Sky Entertainment was a television channel owned by British Sky Broadcasting which was broadcast to the Scandinavian countries, lasting about 18 months.

The channel was the result of an agreement between Telenor CTV and British Sky Broadcasting made in March 1997, which meant Telenor would be able to broadcast two channels produced by BSkyB to their subscribers in Scandinavia.

In September 2022, Sky re-entered the Scandinavian market with the introduction of SkyShowtime.

== History ==
=== Pre-launch ===

On December 13, 1995, British satellite TV provider British Sky Broadcasting and major ITV region franchisee Granada Television announced its new joint-venture entitled as Granada Sky Broadcasting, its channels will made use of Granada's programming library combined with Sky's assistance in technical, managing, marketing and financial situations, a total of eight new channels had been planned and to be launched on the Sky Multichannels pay-TV package.

=== Early years ===

Following the successful launch of the GSkyB channels in the British and Irish market, the Granada Television and British Sky Broadcasting's joint-venture wanted to expand into new markets, and they decided that Scandinavia should be the market that they were looking for. British TV programming in Sweden and other Scandinavian countries be likely to be popular and watched alongside American TV shows as well as their own native programming, the English language is a second language to many, or most Scandinavians. On March 10, 1997, Telenor announced 2 new channels from Sky that they will joining their CTV satellite service in autumn of that year, thus these channels included The Sky News & Documentaries Channel and The Sky Family Entertainment Channel, both of which were distributed via Telenor's Thor 1 satellite (at one degree west), The Sky Family Entertainment Channel (or shortened as Sky Entertainment) was originally going to be an GSkyB channel, while the Sky News & Documentaries Channel wholly owned by Sky. The Sky Family Entertainment Channel was originally intended to be an selection of content available from BSkyB's satellite TV service in the UK and Ireland, it might be most likely that Granada's channels were chosen as there will be no territorial broadcast rights issues.

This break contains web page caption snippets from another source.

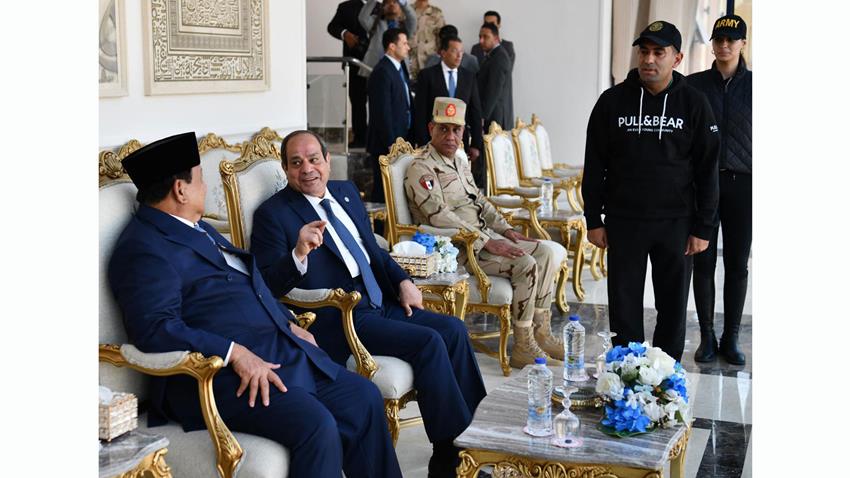 السيد الرئيس يعقد جلسة مباحثات مع الرئيس الإندونيسي ويصطحبه إلى الأكاديمية العسكرية المصرية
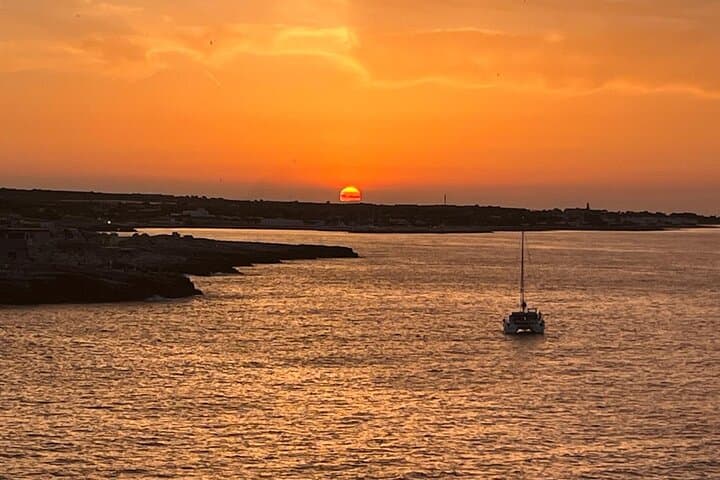 Luxury Shared Boat Tour in Polignano a Mare with Local Aperitif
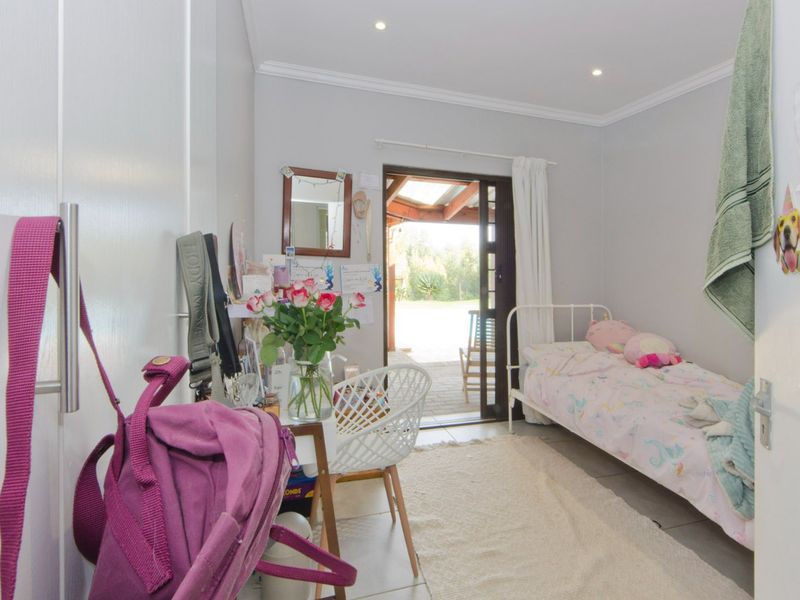 A Home Where the Garden, Pool & Patio Steal the Show! PLUS A FLATLET!  - Photo 10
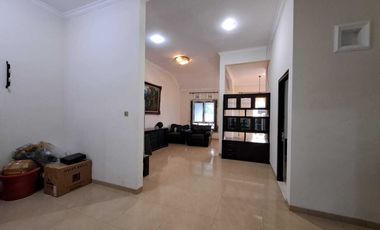 Disewakan rumah 2 lantai siap huni murah di paradise Serpong city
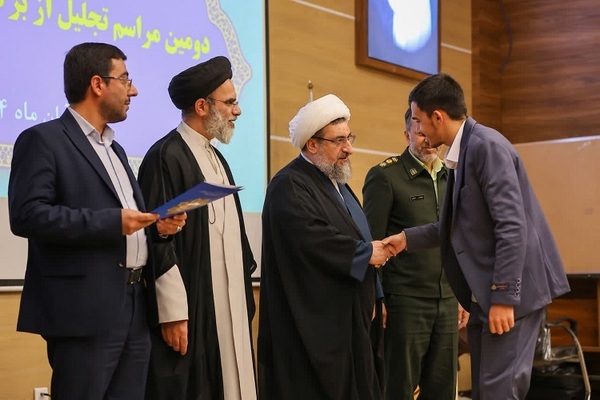 مراسم تجلیل از برگزیدگان آزمون‌های حفظ عمومی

On September 15, 1997, both Sky Entertainment, along with Sky News & Documentaries launched on Telenor's CTV satellite service in Scandinavia, it was the first time that a Sky-operated channel broadcast in Scandinavia since Sky's TV channel were encrypted (for paying customers in the British and Irish markets only) in September 1993, with only an exception to Sky News, which was free-to-air and can be received on Astra. Both channels was available up to 225,000 CTV subscribers, plus for cable subscribers.

Both Sky Entertainment and Sky News & Documentaries were in fact, combinations of channels, with Sky News & Documentaries consisted of Sky News airing from 02:00 to 18:00 CET, while The Computer Channel airing from 18:00 to 20:00 CET, and National Geographic Channel airing from 20:00 to 02:00 CET. Sky Entertainment also had three Granada channels and one, which were different from these Granada channels airing between the 24-hour day. In Sky Entertainment's case, the channels were:

| Channel | Time (CET) |
|---|---|
| CMT Europe | 02.00-10.00 |
| Granada Good Life | 10.00-19.00 |
| Granada Plus | 19.00-00.00 |
| Granada Men & Motors | 00.00-02.00 |

At the time during the launch, Sky Entertainment shared its analogue D2-MAC transponder on Intelsat 707 with Danish public service broadcaster DR2, meaning that CMT and Granada Good Life were the only channels broadcasting to analogue viewers, meanwhile, DR2 was broadcasting between 5 p.m. and 1 a.m., meaning the programmes of Granada Plus and/or Granada Men & Motors were not available to analogue viewers.

The channels were broadcast on the 1 degree west frequency as a part of the CTV package.

When CMT Europe closed down in 1998, it's airtime on Sky Entertainment was replaced by Video Zone.

On February 14, 1999, it was announced that Sky Entertainment would be ceasing transmissions at 1am CET, after just 18 months on-air. Bosses had a meeting in London on the channel's final days to decide the channel's fate and what would replace it; while an alternative Sky service was considered, this was never launched. However, Sky News and the National Geographic Channel continued to be broadcast in Scandinavia till this day, but as separate channels.